• [Task objective]
Extract the full set of records, then give each one again exactly.

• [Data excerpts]
────────

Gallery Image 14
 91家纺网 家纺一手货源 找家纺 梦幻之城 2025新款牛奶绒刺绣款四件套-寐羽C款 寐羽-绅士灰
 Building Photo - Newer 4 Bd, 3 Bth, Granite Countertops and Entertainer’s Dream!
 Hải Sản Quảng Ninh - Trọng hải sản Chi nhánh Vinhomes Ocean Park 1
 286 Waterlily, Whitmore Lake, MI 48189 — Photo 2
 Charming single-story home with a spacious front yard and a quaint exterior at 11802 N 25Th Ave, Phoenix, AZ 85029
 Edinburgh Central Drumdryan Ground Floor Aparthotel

────────

• [Result]
Gallery Image 14
 91家纺网 家纺一手货源 找家纺 梦幻之城 2025新款牛奶绒刺绣款四件套-寐羽C款 寐羽-绅士灰
 Building Photo - Newer 4 Bd, 3 Bth, Granite Countertops and Entertainer’s Dream!
 Hải Sản Quảng Ninh - Trọng hải sản Chi nhánh Vinhomes Ocean Park 1
 286 Waterlily, Whitmore Lake, MI 48189 — Photo 2
 Charming single-story home with a spacious front yard and a quaint exterior at 11802 N 25Th Ave, Phoenix, AZ 85029
 Edinburgh Central Drumdryan Ground Floor Aparthotel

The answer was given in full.